Edward Jones associates and their families continue to make a difference in the fight to end Alzheimer’s in honor of the people they love, their clients, and in support of all those facing Alzheimer's and other dementia. Meet 12 people whose passion in the fight to end Alzheimer’s is personal.

Victoria Stinson

Headquarters Associate, Arizona

I have vivid memories of my father, a stroke and heart-attack survivor, having trouble remembering anything during one of his frequent hospital stays. He was confused by what day it was and what he was doing. He couldn't remember me or anyone. It was very hard seeing him like that.

It was even harder knowing the statistics. The risk of developing Alzheimer’s or other dementia is higher for people who have suffered a stroke or who have heart disease. Older African Americans are about twice as likely to have Alzheimer's or other dementia as older Whites. My dad checked all of these boxes. I was worried.

That was about eight years ago. My dad did not end up with an Alzheimer’s diagnosis — his memory problems were due to another health condition, but I will never forget how I felt that day in the hospital.
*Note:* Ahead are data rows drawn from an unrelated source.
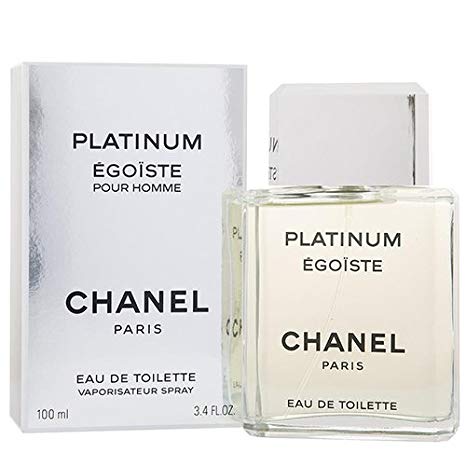 【あす楽】 シャネル CHANEL エゴイストプラチナム EDT SP 100ml メンズ 香水 エゴイスト プラチナム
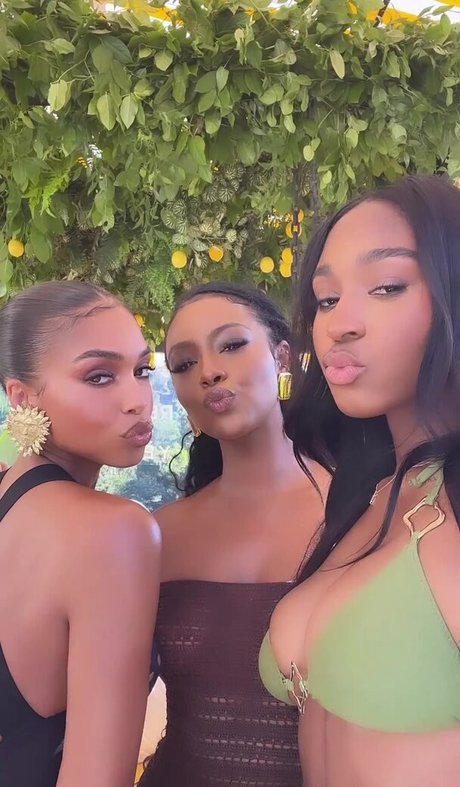 Normani Kordei photo 25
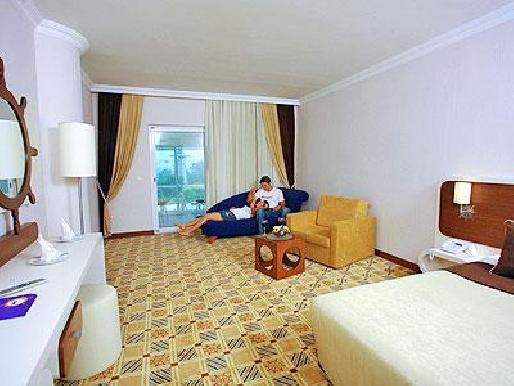 Hotel Queen Elisabeth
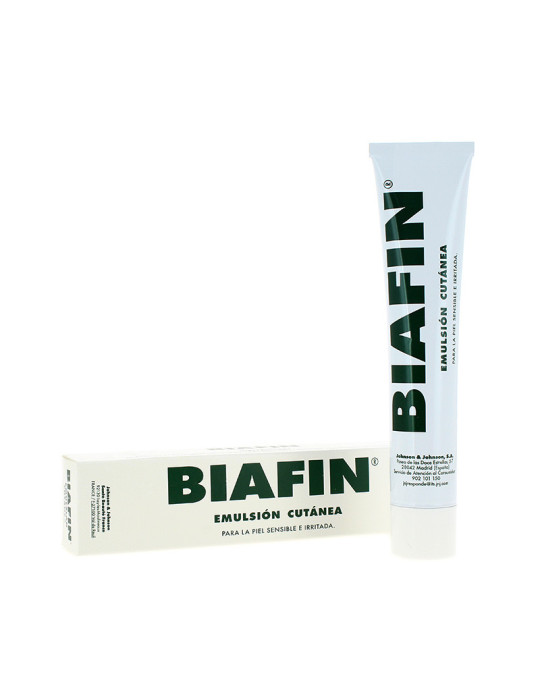 BIAFIN EMULSION CUTANEA 50 ML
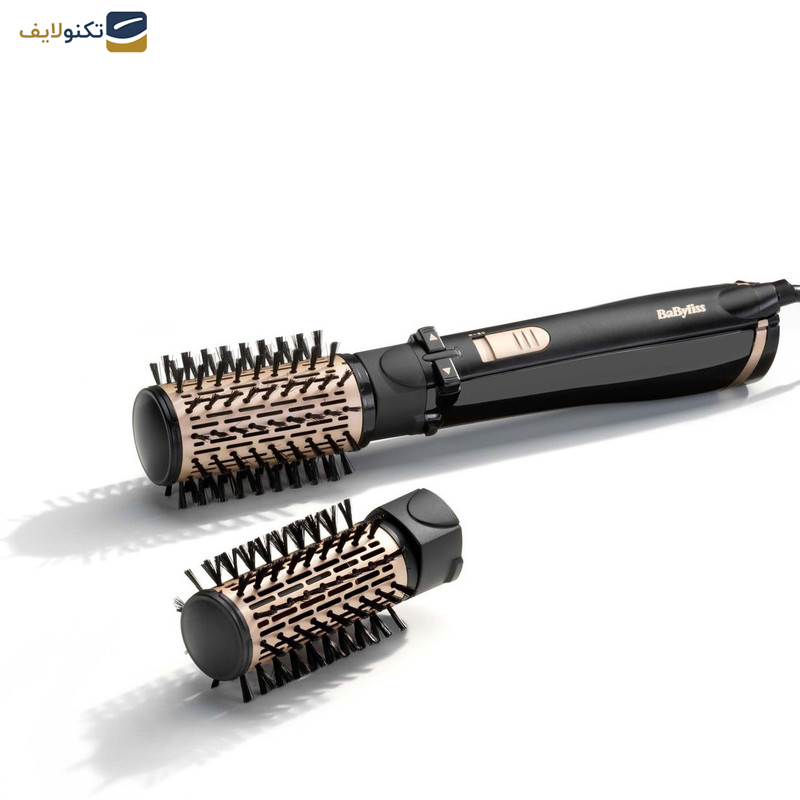 سشوار برس دار چرخشی بابیلیس مدل AS964ROE سشوار برس دار چرخشی بابیلیس مدل AS964ROE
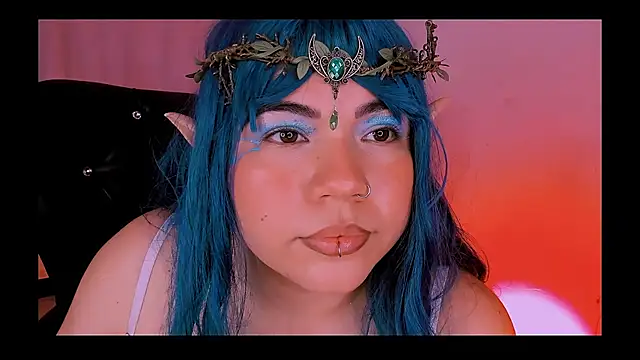 Samanta cutee online show from 03-14-25, 02:30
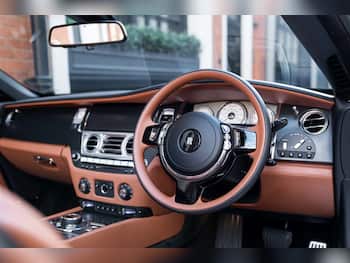 Used Rolls-Royce Silver Dawn 2021 for sale - 79780165: Photo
Seeing my father suffer memory loss was frightening. After the experience with my dad, I wanted to do whatever I could so that other people won't ever have to feel that way. I got involved with the Alzheimer’s Association.

Now, my Aunt Etha has been showing signs of dementia. My cousins are doing everything they can for her, but they aren't in a position to do everything she needs. Luckily for her, they know about the resources available to them from the Alzheimer's Association because they have been through this before with my dad.

I continue to stay involved with the Alzheimer's Association because I want to make sure funding stays available to help more families like mine.

Keith Hartley

Principal, Arizona

My connection to Alzheimer's disease dates back to 1992. That was the year that my family learned of my grandfather Gail’s Alzheimer's diagnosis. His decline, like many, was gradual at first – almost imperceptible. I know my grandmother, Margaret, saw the smaller signs much earlier and the burden on her as his disease progressed became very difficult. Although my grandfather quit smoking when I was a baby, eventually he contracted lung cancer as well. These two diseases competed to take down one of the strongest men I've ever known.

I was a graduate student in law school when his situation really progressed. I would travel to see them every other weekend, and I never quite knew what I'd find each visit. Some days, he was reasonably coherent, and even though my visits were short, he was engaged as best he could be. This was when I first learned about hospice care. We lost Grandpa relatively quickly in the Alzheimer's scheme of time – about 9 months from the acute onset of both diseases.

Later in life, as I became a financial advisor, one of the things that surprised me was the level of involvement we developed in clients' lives. (I really didn't expect that!) We knew their stories, we knew their families, we shared their joys, and we shared their tragedies. We asked hard questions about planning for the unexpected. We bore witness to the important milestones in their lives and we became part of the family. Inevitably, medical events frequently take center stage – joint replacements, cancer diagnoses and treatments, surgeries, memory care. Seeing capacity slip from individuals was the most distressing and challenging reality I faced.

Looking back, it's been more than 30 years since Alzheimer's disease visited my family. I've often wondered if the advances in cancer treatment over that period of time – from earlier detection, to better treatments – might have helped Grandpa beat cancer. Yet, even today, his Alzheimer's would have won a longer and more emotionally fraught battle.

Thank you to everyone supporting this cause. I am hopeful for a future where Alzheimer’s can be beat.

Chris Wolschleger

Financial Advisor, Michigan

In 2021 I lost my mom, Sandy, to the relentless grip of Alzheimer's at the young age of 71. For more than six years, she battled the disease. Our family faced tribulations that tested our strength. My Father, her primary caregiver, initially hesitated to accept help until the situation became urgent. Despite living 3 hours away, I dedicated countless hours to being on standby, seeking answers online and over the phone.

One lifeline in those challenging times was the 24/7, free Alzheimer’s Association Helpline. It offered both practical advice and a sympathetic ear. As her condition worsened, my focus shifted to her estate planning. With unwavering determination, I helped my father manage her finances, power of attorney and other legal matters, all while discussing options like long-term care facilities.

Though they opted for self-care at home, my mother spent a few challenging months in a memory care facility. The decision was hard fought, especially for my father, who still grapples with it. Accepting that he couldn't provide all she needed was a poignant realization.

The loss of my mother sparked anger in me, questioning why a cure for this cruel disease remains elusive. In response, I channeled my energy into action. We have organized charity golf outings aptly named "The Sandy Memorial Golf Outing" and have raised more than $27,000 in support of the Alzheimer's Association. In turning my pain into purpose, I've discovered the remarkable ability to transform grief into a force for change.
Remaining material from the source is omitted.